Maximize the reuse of your PowerShell
Last week I was at The Experts Conference in Frankfurt presenting at the PowerShell Deep Dive. My presentation was entitled “Maximize the reuse of your PowerShell”.
My PowerShell library for managing Hyper-V has now gone through a total of 100,000 downloads over all its different versions but whether it’s got wide use because of the way I wrote it or in spite of it, I can’t say. Some people whose views I value seem to agree with the ideas I put forward in the talk, so I’m setting them out in this (rather long) post
I have never lost my love of Lego. Like Lego, PowerShell succeeds by being a kit of small, general purpose blocks to link together. Not everything we do can extend that kit, but we should aim to do that where possible. I rediscovered the Monad Manifesto recently via a piece Jeffrey Snover wrote about how PowerShell has remained true to the original vision, named Monad. It talks of a model where “Every executable should do a narrow set of functions and complex functions should be composed by pipelining or sequencing executables together”. Your work is easier to reuse if it becomes a building block that can be incorporated into more complex solutions; and this certainly isn’t unique to PowerShell.
Functions for re-use, scripts for a single task. If you a use a .PS1 script to
carry out a task it is effectively a batch file: it is automating stuff so
that’s good, but it isn’t a building block for other work. Once loaded,
functions behave like compiled cmdlets. If you separate parts of a script into
functions it should be done with the aim of making those parts easy to reuse and
recycle, not simply be to reformat a script into subroutines.
If we’re going to write functions how should they look?
Choose names wisely, One task : One Function, there is no “DoStuffWith” verb
for a reason.
PowerShell cmdlets use names in the form Verb-Noun
and it is best to stick to
this model; the Get-Verb
command will give you a list of the Approved verbs.

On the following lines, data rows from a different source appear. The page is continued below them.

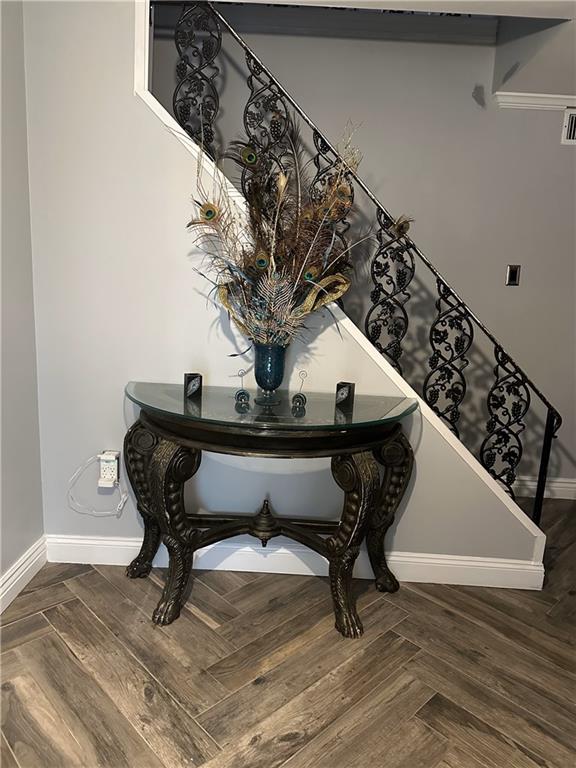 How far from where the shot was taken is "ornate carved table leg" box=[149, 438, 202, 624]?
73.6 inches

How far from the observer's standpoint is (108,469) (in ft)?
7.23

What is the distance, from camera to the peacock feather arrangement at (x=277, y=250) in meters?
1.85

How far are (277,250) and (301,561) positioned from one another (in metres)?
1.34

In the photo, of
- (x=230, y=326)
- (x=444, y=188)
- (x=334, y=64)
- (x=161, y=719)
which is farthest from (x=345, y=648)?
(x=334, y=64)

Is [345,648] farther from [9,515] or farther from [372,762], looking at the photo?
[9,515]

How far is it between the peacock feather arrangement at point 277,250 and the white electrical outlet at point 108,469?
794 mm

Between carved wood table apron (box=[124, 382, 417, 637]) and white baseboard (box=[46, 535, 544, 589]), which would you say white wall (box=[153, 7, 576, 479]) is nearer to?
white baseboard (box=[46, 535, 544, 589])

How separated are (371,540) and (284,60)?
259 centimetres

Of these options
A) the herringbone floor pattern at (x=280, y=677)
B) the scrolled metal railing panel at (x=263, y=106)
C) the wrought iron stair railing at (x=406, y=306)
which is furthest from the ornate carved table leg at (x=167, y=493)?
the scrolled metal railing panel at (x=263, y=106)

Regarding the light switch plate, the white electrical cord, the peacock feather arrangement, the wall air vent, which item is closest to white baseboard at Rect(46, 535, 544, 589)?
the white electrical cord

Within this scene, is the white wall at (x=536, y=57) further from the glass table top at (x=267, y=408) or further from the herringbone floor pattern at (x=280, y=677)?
the herringbone floor pattern at (x=280, y=677)

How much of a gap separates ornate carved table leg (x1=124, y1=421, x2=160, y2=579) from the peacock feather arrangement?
0.58m

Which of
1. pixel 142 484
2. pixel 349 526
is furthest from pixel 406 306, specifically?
pixel 142 484

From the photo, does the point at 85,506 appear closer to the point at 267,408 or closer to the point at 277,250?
the point at 267,408
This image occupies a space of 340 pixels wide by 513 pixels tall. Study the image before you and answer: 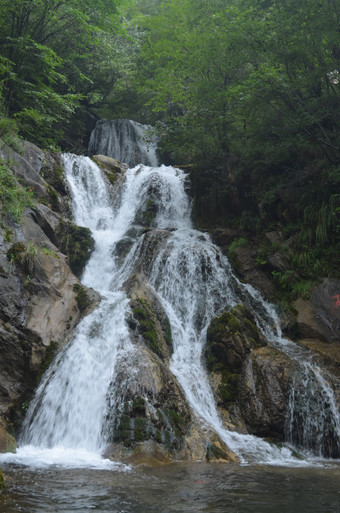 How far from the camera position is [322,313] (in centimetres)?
1052

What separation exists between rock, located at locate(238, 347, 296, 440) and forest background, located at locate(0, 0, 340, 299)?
11.7ft

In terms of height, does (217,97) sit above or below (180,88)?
below

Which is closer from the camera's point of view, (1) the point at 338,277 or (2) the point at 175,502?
(2) the point at 175,502

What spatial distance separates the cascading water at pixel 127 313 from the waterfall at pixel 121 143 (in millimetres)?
4973

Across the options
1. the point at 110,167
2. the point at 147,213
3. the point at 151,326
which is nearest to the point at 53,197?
the point at 147,213

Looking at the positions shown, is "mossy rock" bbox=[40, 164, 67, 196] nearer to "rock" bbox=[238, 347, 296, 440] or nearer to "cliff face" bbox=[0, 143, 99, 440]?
"cliff face" bbox=[0, 143, 99, 440]

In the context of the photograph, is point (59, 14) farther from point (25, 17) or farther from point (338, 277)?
point (338, 277)

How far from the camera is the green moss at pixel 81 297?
9.73 metres

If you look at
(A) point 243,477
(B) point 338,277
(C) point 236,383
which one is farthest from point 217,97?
(A) point 243,477

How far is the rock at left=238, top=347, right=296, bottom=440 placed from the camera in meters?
7.81

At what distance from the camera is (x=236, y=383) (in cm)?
871

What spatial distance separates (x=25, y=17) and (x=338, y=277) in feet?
50.7

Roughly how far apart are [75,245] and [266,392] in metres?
8.11

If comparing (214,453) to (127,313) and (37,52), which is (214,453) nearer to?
(127,313) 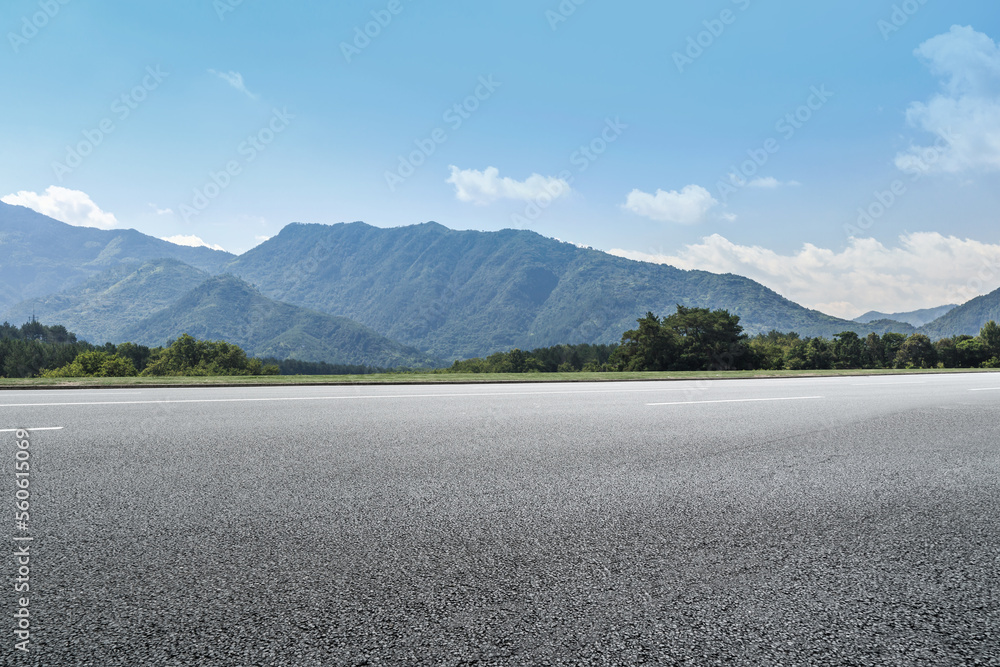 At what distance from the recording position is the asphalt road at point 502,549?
165 cm

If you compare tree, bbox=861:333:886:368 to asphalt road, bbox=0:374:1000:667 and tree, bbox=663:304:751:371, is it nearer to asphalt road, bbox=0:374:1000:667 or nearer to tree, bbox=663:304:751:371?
tree, bbox=663:304:751:371

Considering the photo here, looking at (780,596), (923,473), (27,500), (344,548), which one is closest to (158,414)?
(27,500)

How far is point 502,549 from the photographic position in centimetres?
237

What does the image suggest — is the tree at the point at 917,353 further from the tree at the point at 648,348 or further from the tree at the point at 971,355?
the tree at the point at 648,348

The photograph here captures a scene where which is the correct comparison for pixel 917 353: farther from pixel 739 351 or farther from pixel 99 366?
pixel 99 366

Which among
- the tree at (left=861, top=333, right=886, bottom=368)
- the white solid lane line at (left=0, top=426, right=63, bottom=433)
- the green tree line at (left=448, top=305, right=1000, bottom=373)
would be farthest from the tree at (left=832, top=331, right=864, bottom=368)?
the white solid lane line at (left=0, top=426, right=63, bottom=433)

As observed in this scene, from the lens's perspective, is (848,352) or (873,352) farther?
(873,352)

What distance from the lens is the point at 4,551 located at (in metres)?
2.29

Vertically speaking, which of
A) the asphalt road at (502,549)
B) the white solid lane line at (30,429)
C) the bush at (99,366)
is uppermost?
the bush at (99,366)

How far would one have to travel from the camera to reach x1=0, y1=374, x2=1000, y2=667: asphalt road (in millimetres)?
1646

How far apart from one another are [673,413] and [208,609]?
6.05 m

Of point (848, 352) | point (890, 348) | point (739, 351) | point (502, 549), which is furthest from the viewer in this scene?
point (890, 348)

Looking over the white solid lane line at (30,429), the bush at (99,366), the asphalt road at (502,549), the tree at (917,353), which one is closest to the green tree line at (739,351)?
the tree at (917,353)

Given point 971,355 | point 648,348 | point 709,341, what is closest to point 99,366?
point 648,348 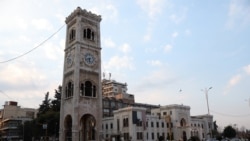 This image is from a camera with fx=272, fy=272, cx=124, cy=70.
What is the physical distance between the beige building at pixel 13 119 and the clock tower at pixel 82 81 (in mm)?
46862

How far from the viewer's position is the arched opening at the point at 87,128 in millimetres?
45594

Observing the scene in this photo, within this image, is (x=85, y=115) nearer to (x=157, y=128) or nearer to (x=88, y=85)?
(x=88, y=85)

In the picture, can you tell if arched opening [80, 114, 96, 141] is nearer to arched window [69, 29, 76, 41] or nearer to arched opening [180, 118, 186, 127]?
arched window [69, 29, 76, 41]

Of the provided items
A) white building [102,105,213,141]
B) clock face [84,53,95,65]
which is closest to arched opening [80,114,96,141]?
clock face [84,53,95,65]

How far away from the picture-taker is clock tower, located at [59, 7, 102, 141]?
4366cm

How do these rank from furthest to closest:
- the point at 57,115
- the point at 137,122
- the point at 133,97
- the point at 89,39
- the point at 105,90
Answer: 1. the point at 105,90
2. the point at 133,97
3. the point at 137,122
4. the point at 57,115
5. the point at 89,39

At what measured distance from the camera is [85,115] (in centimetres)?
4556

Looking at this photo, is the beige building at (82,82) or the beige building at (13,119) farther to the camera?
the beige building at (13,119)

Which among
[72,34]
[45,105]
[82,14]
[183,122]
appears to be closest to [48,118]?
[45,105]

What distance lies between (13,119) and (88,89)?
59.8 meters

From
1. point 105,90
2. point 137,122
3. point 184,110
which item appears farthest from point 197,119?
point 105,90

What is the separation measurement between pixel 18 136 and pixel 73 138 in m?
59.4

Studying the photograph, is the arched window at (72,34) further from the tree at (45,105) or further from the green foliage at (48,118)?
the tree at (45,105)

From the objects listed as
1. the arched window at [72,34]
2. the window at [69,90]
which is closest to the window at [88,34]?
the arched window at [72,34] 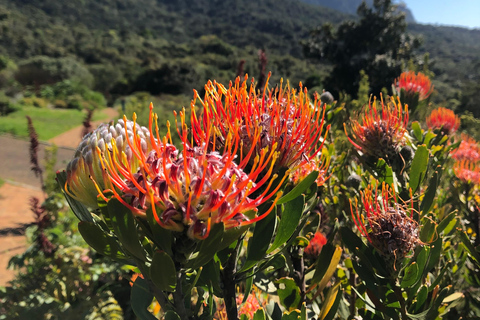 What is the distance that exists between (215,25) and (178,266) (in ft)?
189

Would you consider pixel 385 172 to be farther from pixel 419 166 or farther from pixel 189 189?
pixel 189 189

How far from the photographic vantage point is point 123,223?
43 centimetres

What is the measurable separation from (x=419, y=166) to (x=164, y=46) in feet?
130

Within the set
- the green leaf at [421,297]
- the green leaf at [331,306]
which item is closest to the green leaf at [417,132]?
the green leaf at [421,297]

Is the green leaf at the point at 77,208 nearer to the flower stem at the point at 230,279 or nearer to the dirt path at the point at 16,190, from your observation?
the flower stem at the point at 230,279

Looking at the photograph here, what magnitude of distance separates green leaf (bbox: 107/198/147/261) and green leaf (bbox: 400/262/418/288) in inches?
21.4

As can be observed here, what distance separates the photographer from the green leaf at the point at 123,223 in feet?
1.39

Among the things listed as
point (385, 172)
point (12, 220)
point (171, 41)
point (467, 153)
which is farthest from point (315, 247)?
point (171, 41)

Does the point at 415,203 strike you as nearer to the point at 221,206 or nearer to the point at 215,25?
the point at 221,206

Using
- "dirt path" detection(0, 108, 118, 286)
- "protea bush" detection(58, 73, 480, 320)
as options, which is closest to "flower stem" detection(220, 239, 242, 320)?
"protea bush" detection(58, 73, 480, 320)

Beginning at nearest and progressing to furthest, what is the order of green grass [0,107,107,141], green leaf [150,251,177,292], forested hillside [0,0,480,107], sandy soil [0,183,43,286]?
green leaf [150,251,177,292] → sandy soil [0,183,43,286] → green grass [0,107,107,141] → forested hillside [0,0,480,107]

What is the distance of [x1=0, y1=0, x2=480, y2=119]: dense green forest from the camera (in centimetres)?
2278

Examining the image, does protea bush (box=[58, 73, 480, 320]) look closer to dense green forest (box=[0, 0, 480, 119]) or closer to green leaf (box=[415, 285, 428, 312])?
green leaf (box=[415, 285, 428, 312])

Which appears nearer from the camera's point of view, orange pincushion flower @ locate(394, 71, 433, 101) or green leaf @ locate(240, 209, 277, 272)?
green leaf @ locate(240, 209, 277, 272) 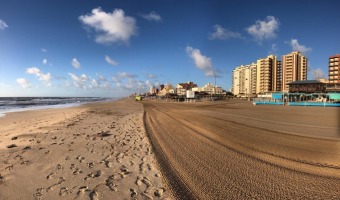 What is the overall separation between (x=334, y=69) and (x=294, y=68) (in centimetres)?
1962

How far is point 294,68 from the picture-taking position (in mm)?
114062

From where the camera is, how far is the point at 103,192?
4.14 metres

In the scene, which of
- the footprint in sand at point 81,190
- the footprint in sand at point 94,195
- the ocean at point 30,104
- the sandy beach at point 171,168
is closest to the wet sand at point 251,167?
the sandy beach at point 171,168

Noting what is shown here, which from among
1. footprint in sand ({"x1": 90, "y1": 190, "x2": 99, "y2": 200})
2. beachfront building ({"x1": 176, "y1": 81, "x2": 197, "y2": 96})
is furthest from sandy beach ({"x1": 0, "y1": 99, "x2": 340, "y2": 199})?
beachfront building ({"x1": 176, "y1": 81, "x2": 197, "y2": 96})

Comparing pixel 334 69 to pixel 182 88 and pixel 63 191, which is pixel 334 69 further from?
pixel 63 191

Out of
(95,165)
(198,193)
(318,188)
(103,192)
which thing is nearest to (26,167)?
(95,165)

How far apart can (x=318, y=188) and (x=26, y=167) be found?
6904 mm

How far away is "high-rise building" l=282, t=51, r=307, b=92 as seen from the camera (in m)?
115

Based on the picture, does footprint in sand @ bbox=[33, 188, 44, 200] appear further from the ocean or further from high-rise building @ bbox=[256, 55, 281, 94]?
high-rise building @ bbox=[256, 55, 281, 94]

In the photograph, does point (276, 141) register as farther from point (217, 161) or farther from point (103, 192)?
point (103, 192)

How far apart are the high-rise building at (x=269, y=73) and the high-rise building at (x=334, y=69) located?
25.0m

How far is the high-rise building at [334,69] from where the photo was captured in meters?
94.4

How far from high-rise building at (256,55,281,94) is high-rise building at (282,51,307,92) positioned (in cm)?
340

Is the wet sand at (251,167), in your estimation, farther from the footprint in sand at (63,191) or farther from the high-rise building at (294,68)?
the high-rise building at (294,68) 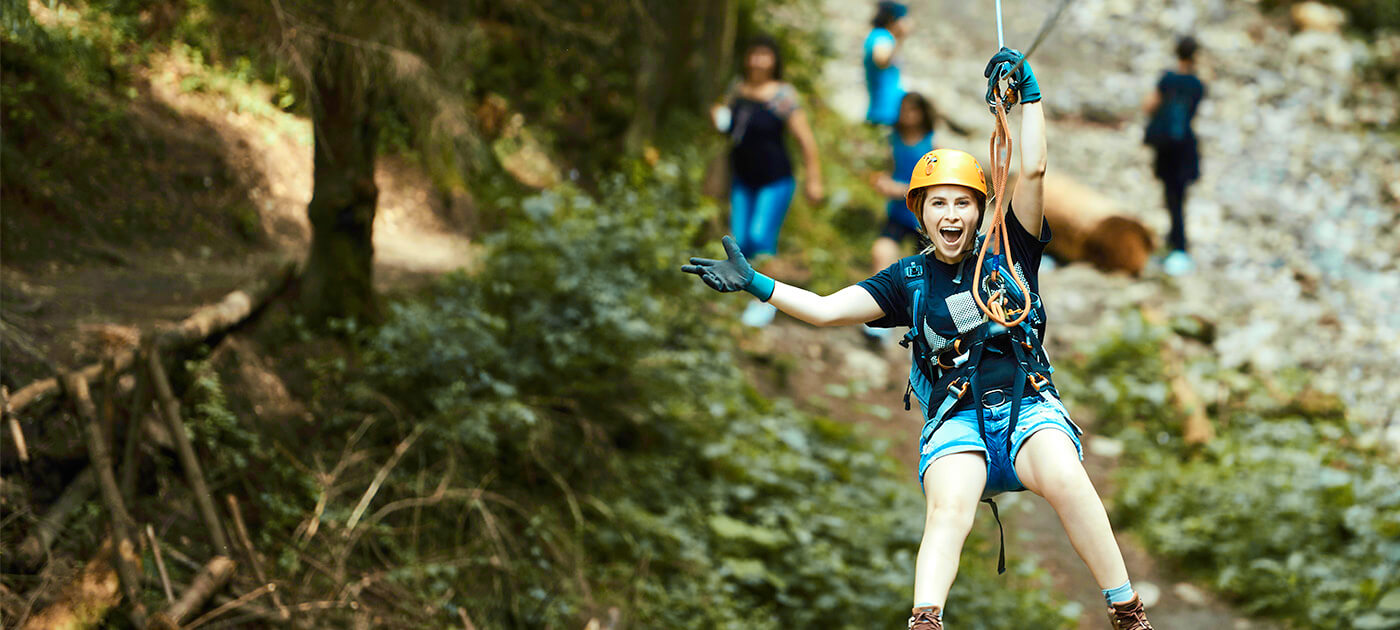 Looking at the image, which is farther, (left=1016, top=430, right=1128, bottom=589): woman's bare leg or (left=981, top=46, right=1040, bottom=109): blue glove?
(left=981, top=46, right=1040, bottom=109): blue glove

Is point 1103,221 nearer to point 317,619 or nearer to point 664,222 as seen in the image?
point 664,222

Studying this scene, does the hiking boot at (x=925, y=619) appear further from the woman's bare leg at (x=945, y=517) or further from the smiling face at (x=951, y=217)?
the smiling face at (x=951, y=217)

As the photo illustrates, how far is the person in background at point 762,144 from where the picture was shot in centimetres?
756

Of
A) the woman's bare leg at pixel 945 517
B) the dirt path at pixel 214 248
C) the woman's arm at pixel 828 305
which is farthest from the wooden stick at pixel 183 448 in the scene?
the woman's bare leg at pixel 945 517

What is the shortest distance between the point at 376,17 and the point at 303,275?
1746mm

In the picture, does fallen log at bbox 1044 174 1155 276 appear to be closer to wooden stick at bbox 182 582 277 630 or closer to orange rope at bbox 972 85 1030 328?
wooden stick at bbox 182 582 277 630

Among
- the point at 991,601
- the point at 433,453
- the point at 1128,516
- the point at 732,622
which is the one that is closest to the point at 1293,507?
the point at 1128,516

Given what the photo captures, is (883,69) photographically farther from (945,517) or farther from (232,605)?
(945,517)

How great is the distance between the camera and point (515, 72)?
11.6 metres

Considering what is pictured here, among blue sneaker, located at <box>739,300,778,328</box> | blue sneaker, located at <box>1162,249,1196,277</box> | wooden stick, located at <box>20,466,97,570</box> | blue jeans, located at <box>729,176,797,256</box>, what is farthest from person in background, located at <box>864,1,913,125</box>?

PowerShell’s enforcement of these standards is limited to raising a warning if
you use non-standard names in a module. If your action really isn’t covered by a
standard verb, then log the need for another one on [edit:
GitHub ]; but if you use
“Duplicate” when the standard says “Copy”, or “Delete” when the standard says
“Remove” it simply makes things more difficult for people who know PowerShell
but don’t know your stuff. The same applies to parameter names: try to use the
ones people already know.
Getting the function name right sets the scope for your work. For my talk I used
an example of generating MD5 hashes for files. My assertion was that the MD5
hash belonged to the file, and so command should return a file with an added
MD5 hash – meaning my command should be Add-MD5
.
Output: Use the right Out-
and Write-
cmdlets** Other speakers at the Deep
Dive made the point that output created with Write-Host
isn’t truly returned (in
the sense that it can be piped or redirected) it is writing on the console
screen; so only use Write-Host
if you want to prevent output going anywhere
else. There are other “write on the screen without returning” cmdlets which
might be better: for example, when debugging we often want messages that say,
“starting stage 1” , “starting stage 2” and so on. One way to do this would be
to add Write-Host
statements and after the code is debugged remove them. A
better way is to use Write-Verbose
which outputs if you specify a –verbose
switch and doesn’t if you don’t. As a side effect you have a quasi-comment in
your code which tells you what is happening. The same is true when you use
Write-Progress
to indicate something is happening in a long running function,
(remember to run it with the -Completed
switch when you have finished otherwise
your progress box can remain on screen while something else runs). Write-Debug
,
Write-Error
and Write-Warning
are valuable
, I try to prevent errors appearing
where the code can recover and write a warning when something didn’t go to plan,
in a non-fatal way.
Formatting results can be a thorny issue: you can redirect the results of
Format-Table
or Format-List
to a file, but the output is useless if you want to
pipe results into another command – which needs the original object.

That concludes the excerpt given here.